Thank you very much for the comments, we have made appropriate changes to the title of the article. In addition, we have carefully read the literature you recommended. Our article is similar to it in some aspects, but we focus on describing the mechanism of nanoparticles for targeted cancer therapy, and present possible drug delivery targets in as much detail as possible. In addition, we also enumerate and demonstrate different types of nanomaterials in drug delivery and other therapeutic effects. We described in detail the mechanism of photothermal therapy based on Au nanoparticles that may induce tumor cell apoptosis and its great potential in the future, as well as the great changes that carbon nanomaterials may bring in cancer treatment, including thyroid cancer. Thank you for your comments, which made us realize the shortcomings of our work. We hope the revised manuscript will contribute to this field.

Reviewer 4 Report

The review by Chen et al. highlights the importance of gold nanoparticles for tumor therapy. Overall, the review read well and is publishable after minor changes.

1.       Line 213: Carbon nanoparticles have been stated in many places but not identifies. There are many types of nanomaterials, carbon dots, diamond and many more. Authors must be careful while using nanoparticles/nanomaterials

2.       Line 221: Carbon nanoparticles with diameter of 150 nm. Nanoparticles should have 100 nm or below. Should you call them nanomaterials not nanoparticles?

3.       Line 170: AuNPs not Au-NPs. Check the rest of the review.
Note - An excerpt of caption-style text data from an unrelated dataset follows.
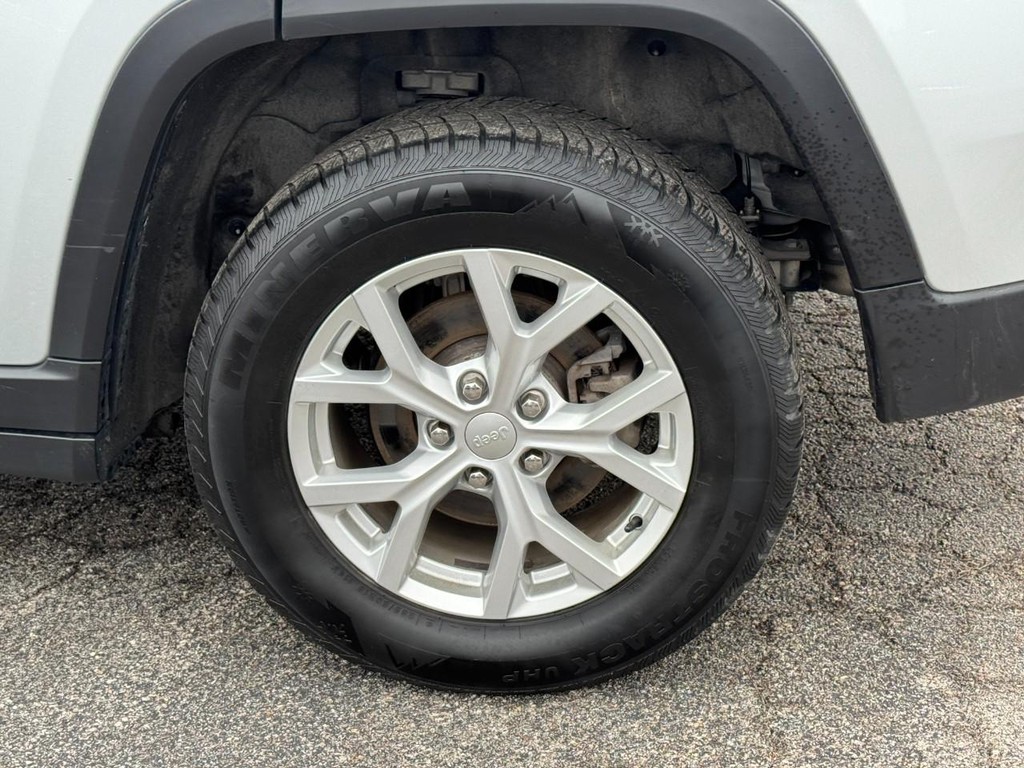 Jeep Grand Cherokee Vehicle Full-screen Gallery Image 05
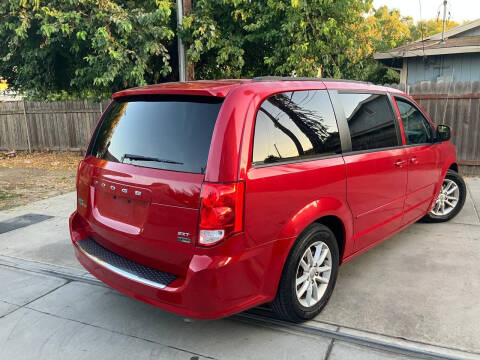 2015 Dodge Grand Caravan SXT Plus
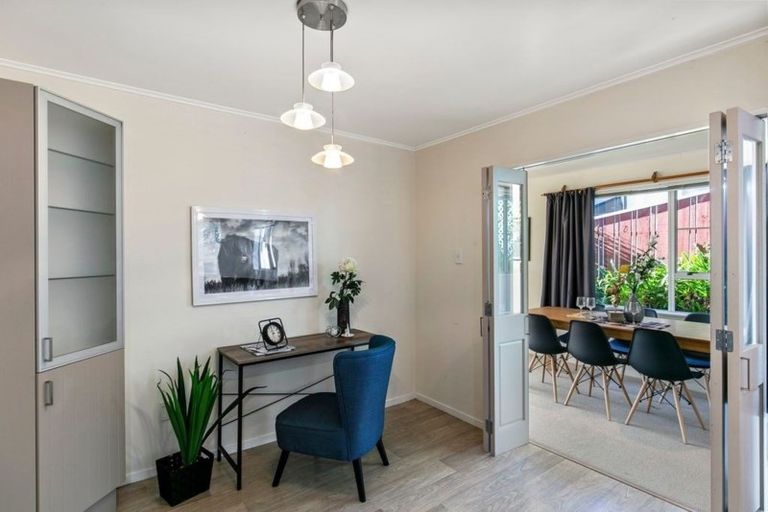 Photo of property in 148 Mark Avenue, Grenada Village, Wellington, 6037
4.       In the gold nanoparticles section 2.1. the discussion is so random and not focused on specific examples. Similarity in many of the nanoparticle types.
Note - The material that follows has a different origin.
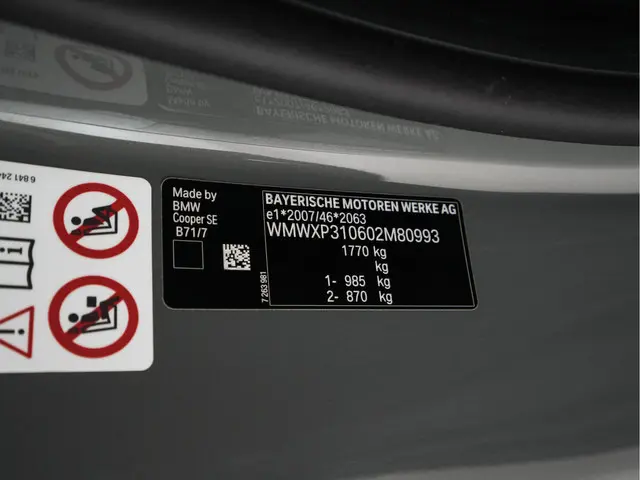 MINI Electric Mini Yours 33 kWh [ 3-Fase ] 2020 Elektrisch 37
5.       Section 2.1. Gold nanoparticles: It is mainly focused on gold nanoparticles not Au-Ag nanoparticles.

6.       Please add the general/specific references to the review:

DOI: 10.1016/j.nantod.2018.12.006, doi.org/10.3390/cancers14215366, doi.org/10.1021/acs.langmuir.0c01443, DOI: 10.1038/nrc.2016.108, DOI: 10.1038/s41598-019-56754-8

Author Response

Thank you very much for the comments, we have followed your suggestions to revise the manuscript.

1. There are many kinds of carbon nanomaterials. We introduced diamond nanoparticles with a diameter of 4-5 nm, carbon nanotubes with a diameter of 1 nm, C60 fullerenes with a diameter of 0.7 nm, and we called them by nanoparticles.
2. Thank you very much for the correction, we have modified the terminology appropriately in section 2.2, replacing carbon nanoparticles with carbon nanomaterials.
3. Thank you very much for the correction, we have modified the terminology in manuscript, replacing Au-NPs with Au NPs.
4. 4.According to your suggestions, we have made slight adjustments to the examples listed above, and added some examples introducing different therapeutic effects of gold nanoparticles in section 2.1, such as gold nanoparticles used as cancer targeted drug carriers .
5. 5.Thank you for your suggestions, pointing out thatthe focus of this section is primarily on gold nanoparticles rather than gold-silver nanoparticles. But we did not modify the Au-Ag nanoparticles, because we believe that the mechanism of this part is relatively novel and has a positive impact on the development prospect of Au based nanoparticles.
6. 6.We have obtained new inspiration from several of these articles and quoted them in our article (citations in the latest manuscript of 3, 28, 29, 30 and 44) .

Round 2

Reviewer 3 Report

Now its ok

Author Response

Thank you very much for your approval. We are very glad to see that this manuscript has improved a lot compared with the original manuscript after modification according to your suggestion.